Domestic team information
- 2010–present: Staffordshire
- 2010: Oxford MCCU

Career statistics
| Competition | First-class |
| Matches | 1 |
| Runs scored | 66 |
| Batting average | 33.00 |
| 100s/50s | –/1 |
| Top score | 62 |
| Balls bowled | – |
| Wickets | – |
| Bowling average | – |
| 5 wickets in innings | – |
| 10 wickets in match | – |
| Best bowling | – |
| Catches/stumpings | 1/– |
- Source: Cricinfo, 23 September 2011

= Aaron Jeavons =

English cricketer

Aaron Francis Jeavons (born 23 April 1989) is an English cricketer. Jeavons is a left-handed batsman who bowls right-arm off break. He was born in Stafford, Staffordshire and educated at Walton High School in Stafford.

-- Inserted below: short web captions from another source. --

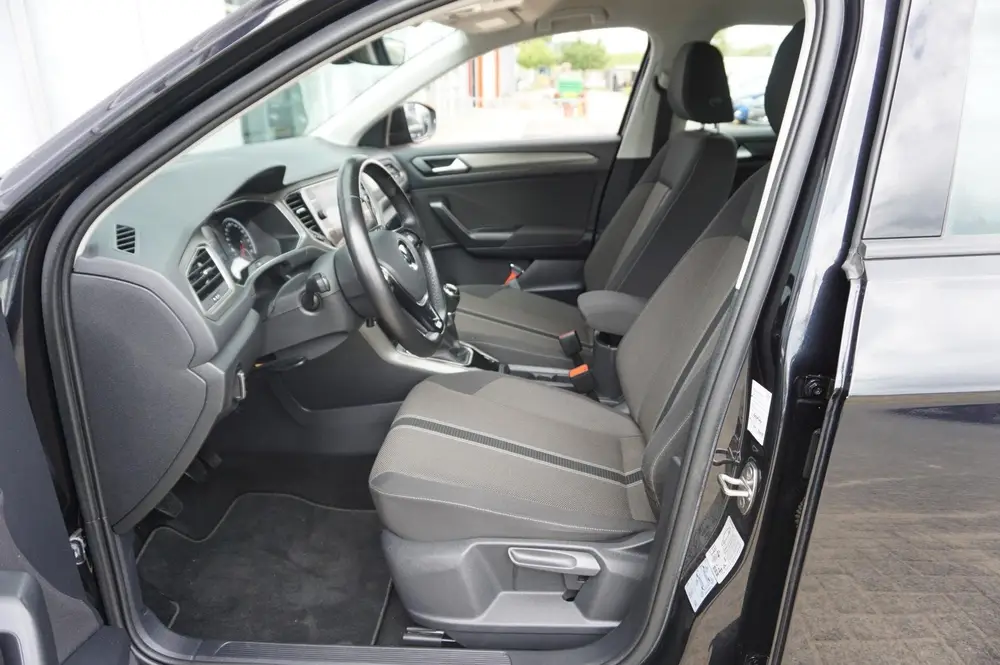 Volkswagen T-Roc 1.0 TSI 110pk Style | Navigatie | Parkeerse uit 2021, foto 17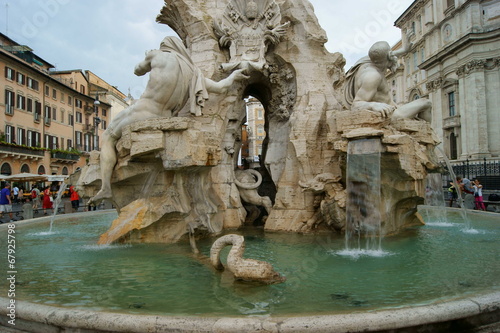 Fontana del Tritone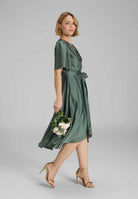 Cocktailkleid aus nachhaltigem Satin in Wickel Optik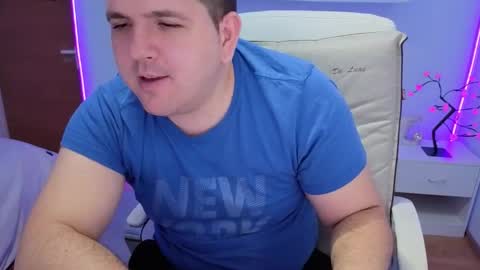 Snapshot of basystem8 chatting on 10/28/25, 04:49 BASY online show from 10/28/25, 04:49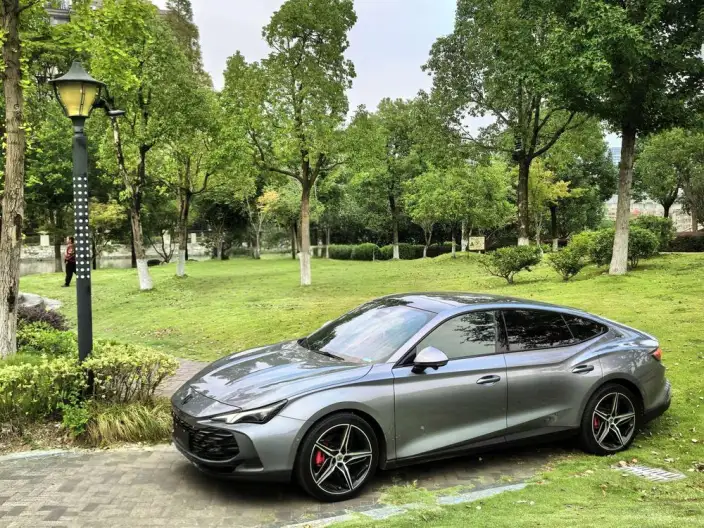 MG7 2025 Model 2.0T Automatic Trophy+ Chao Class Smart Driving Edition – фото 1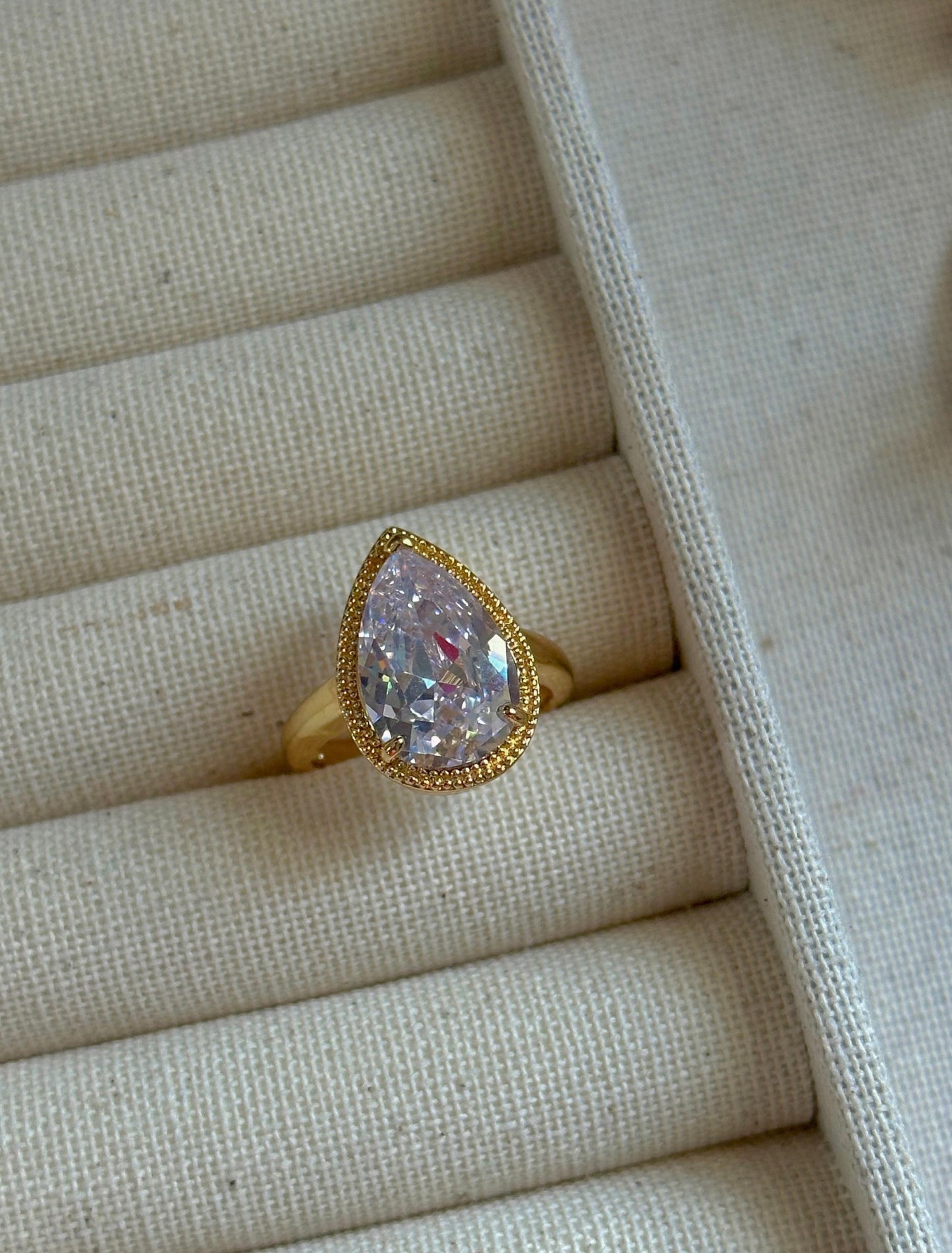 Una lagrima, ajustable, baño 14K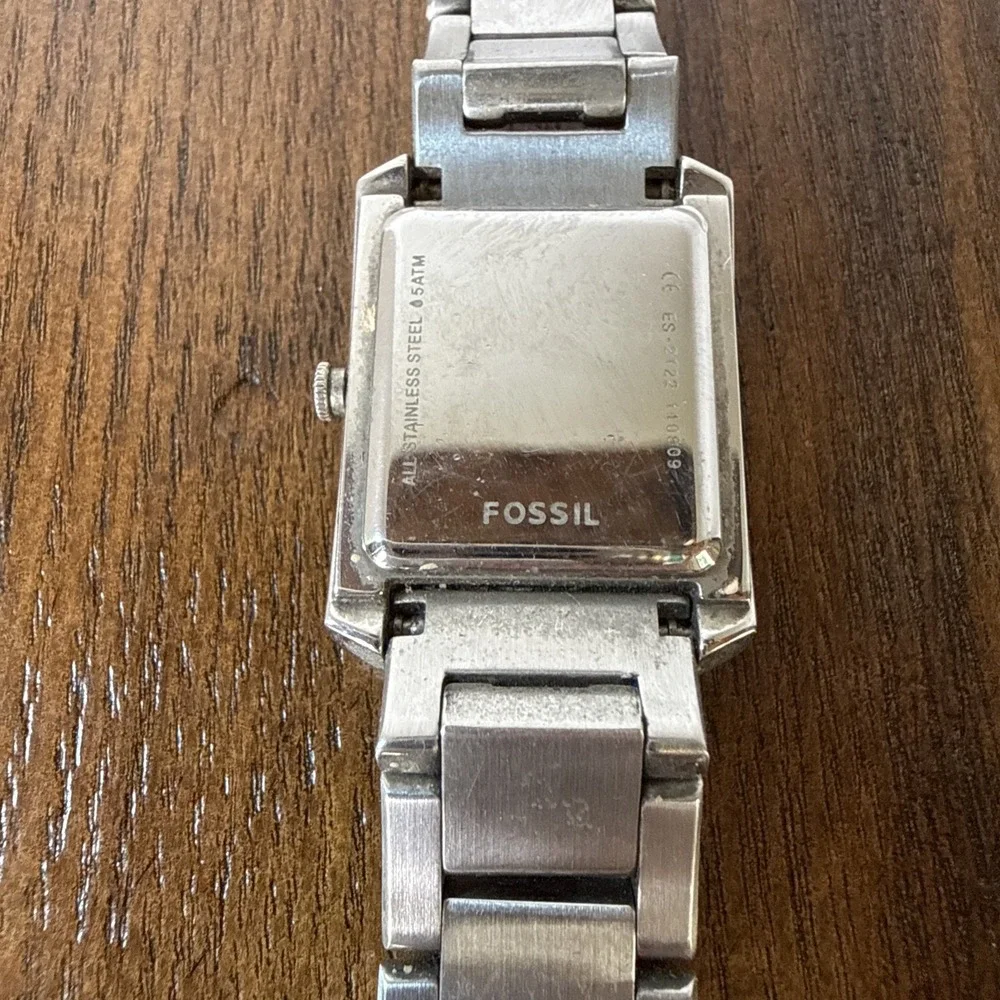 Fossil Quartz Watch Vintage Silver and Gold Tone Needs Battery
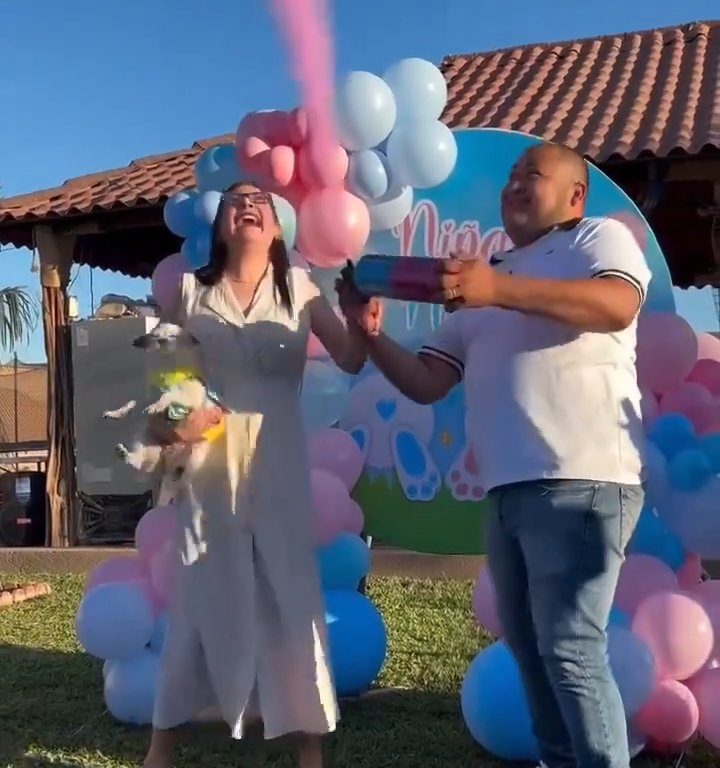 Esulta durante gender reveal e scaglia il cane nel giardino: polemica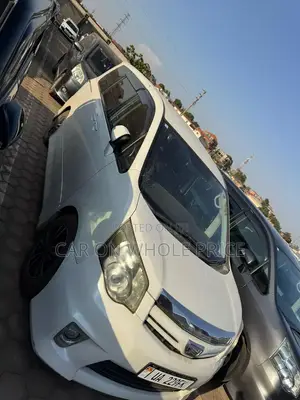 Toyota Noah 2.0 FWD (8 Seater) 2014 White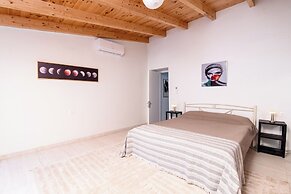 Villa Taxiarchis by Corfuescapes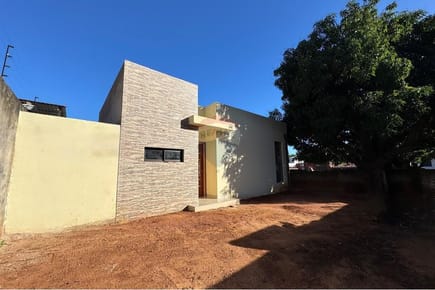 VENDO CASA EN LAMBARE A PRECIO DE DUPLEX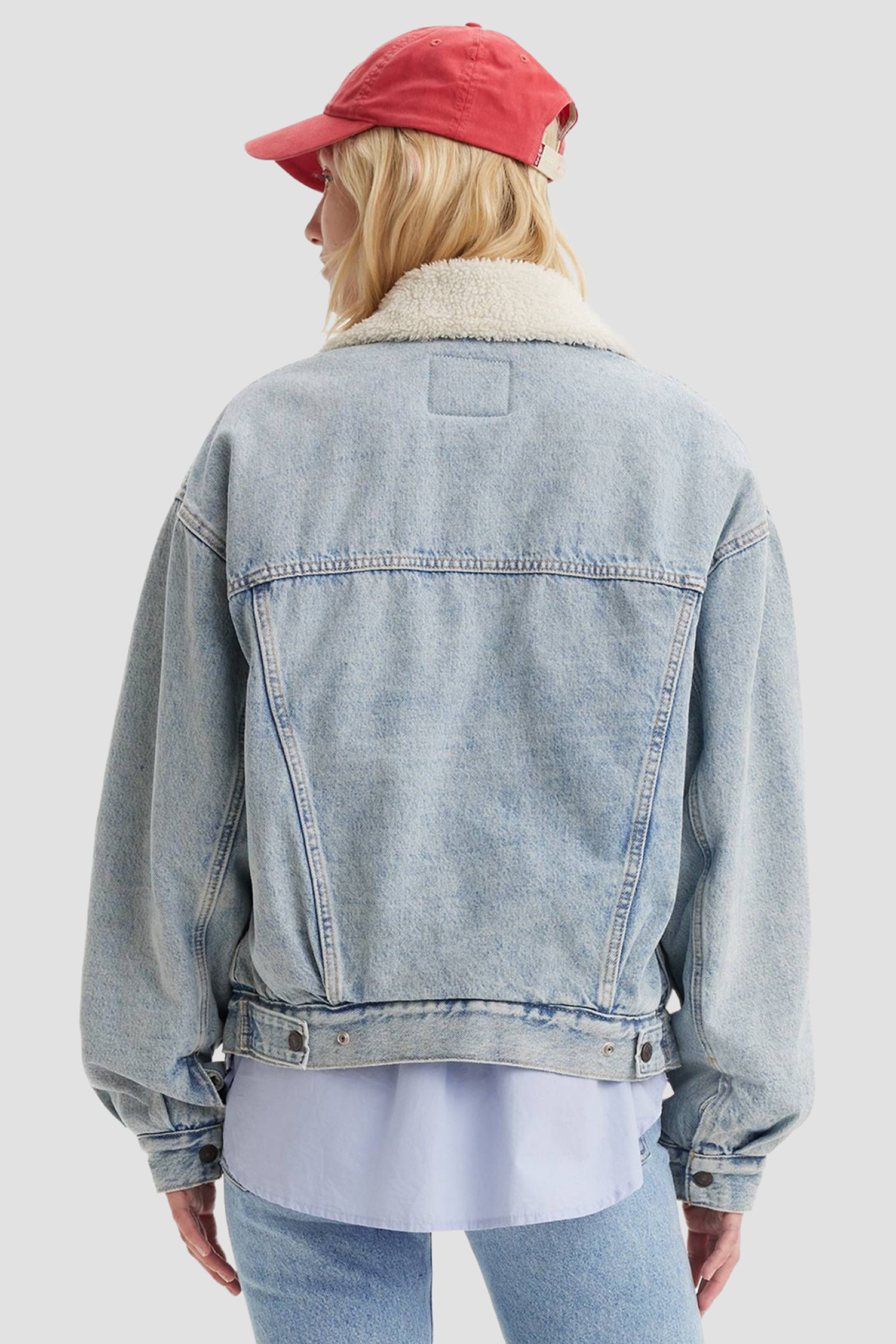 Женская голубая джинсовая курткаLevi's Женская голубая джинсовая куртка 3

While studying for his degree at Oxford Brookes University, Jeavons made a single first-class appearance for Oxford MCCU against Middlesex in 2010. In this match, he scored 62 runs in the Oxford MCCU first-innings, before being dismissed by Ravi Patel. In their second-innings, he was dismissed for 4 runs by Thomas Hampton. During the 2010 season, Jeavons also made his debut for Staffordshire in the Minor Counties Championship against Suffolk. To date he has made ten Minor Counties Championship appearances and a single MCCA Knockout Trophy appearance, which was made against Northumberland in 2011.